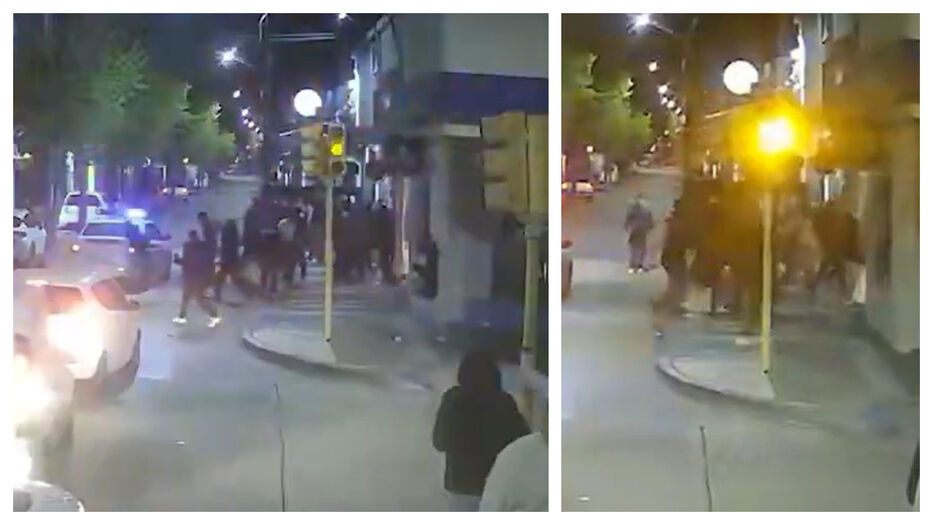 Patrullero, piñas y corridas: pelea callejera de madrugada en pleno centro de Florida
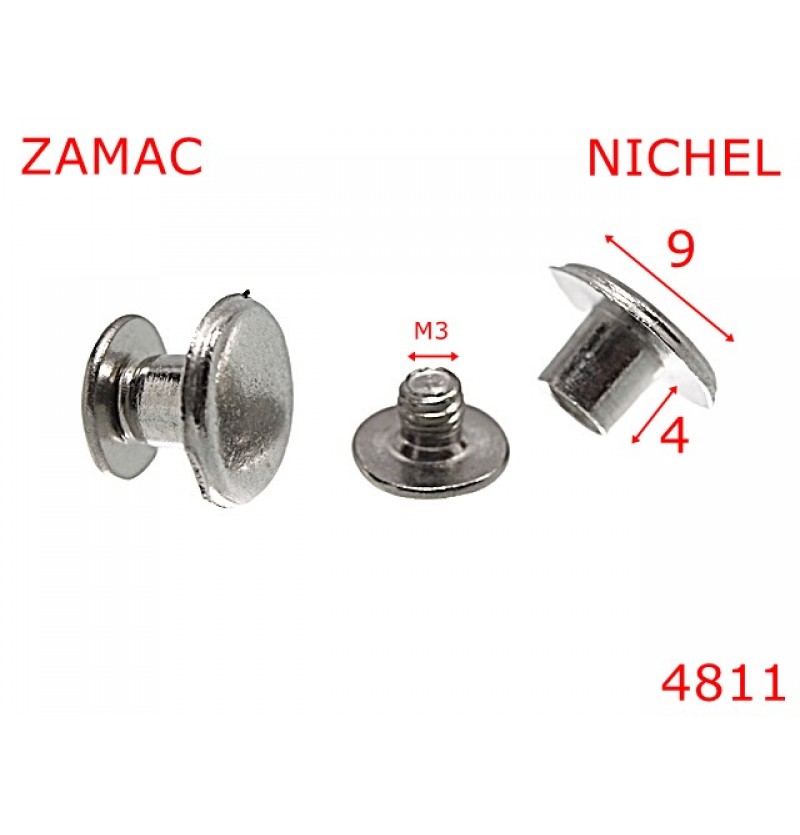 4811/Surub fixare catarama curea -4-mm-zamac--nichel-AD34----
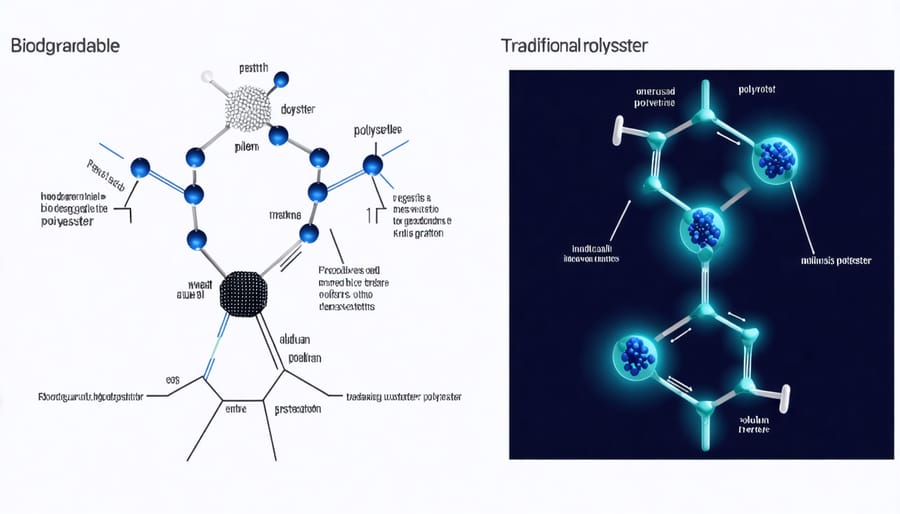 Scientific illustration comparing molecular structures of biodegradable and traditional polyester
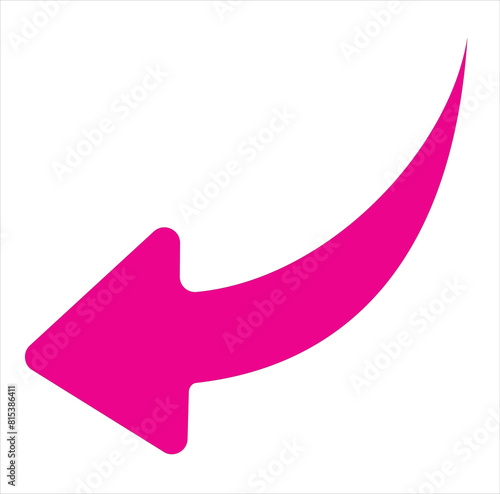 Left down turning directional pink arrow. Turn arrow icon vector in trendy flat style. Arrow icon illustration isolated on white background. Vector Illustration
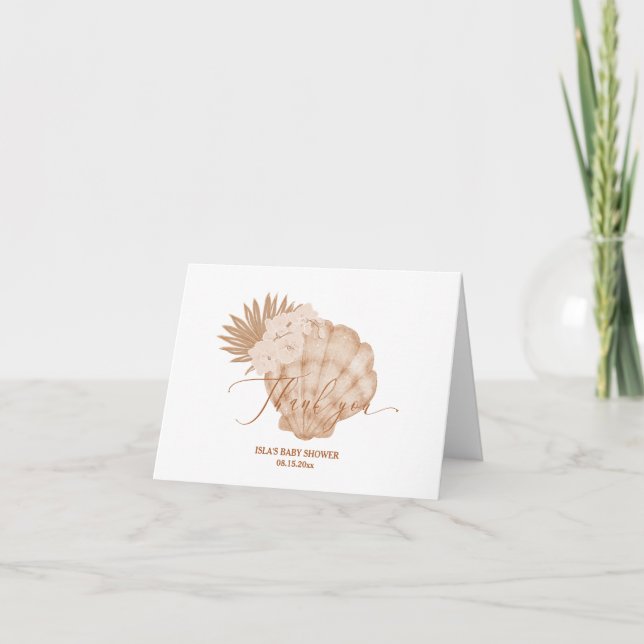 Boho Seashell Baby Shower Thank You Card (Front)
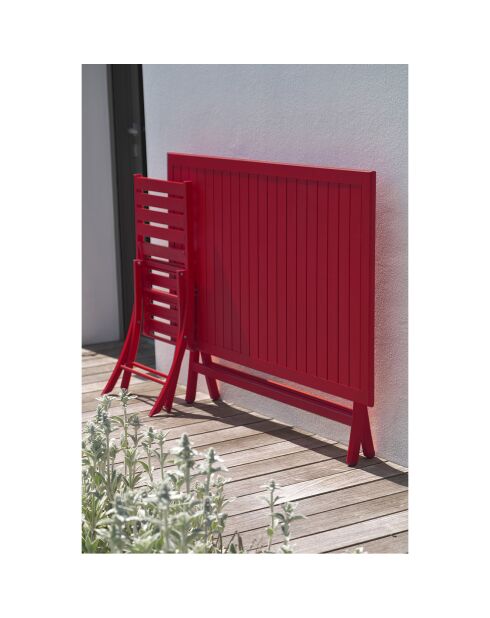 Set de jardín Mesa plegable Marius TB140 + 4 sillas plegables Marius CP carmín - 140x80x73 cm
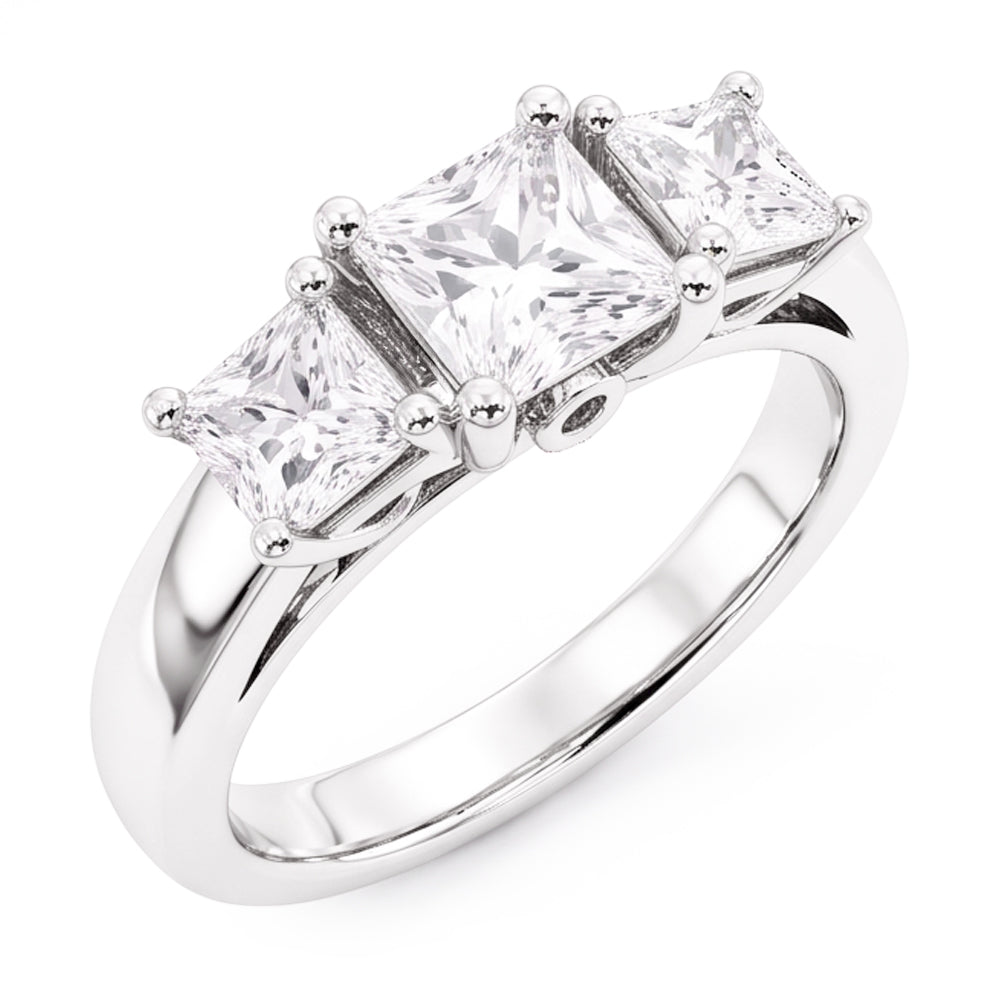 Three Stone Genuine Natural Earth Mined Diamond Engagement Ring 2 Carats 14K White Gold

REQUIREMENT = The lines from the one holding "Scientific illustration comparing" to the final line of the entries are to be duplicated exactly, and the pictures are to be left out.

COMPLETED TASK =
 Scientific illustration comparing molecular structures of biodegradable and traditional polyester
 Left down turning directional pink arrow. Turn arrow icon vector in trendy flat style. Arrow icon illustration isolated on white background. Vector Illustration
 Boho Seashell Baby Shower Thank You Card (Front)
 Set de jardín Mesa plegable Marius TB140 + 4 sillas plegables Marius CP carmín - 140x80x73 cm
 Three Stone Genuine Natural Earth Mined Diamond Engagement Ring 2 Carats 14K White Gold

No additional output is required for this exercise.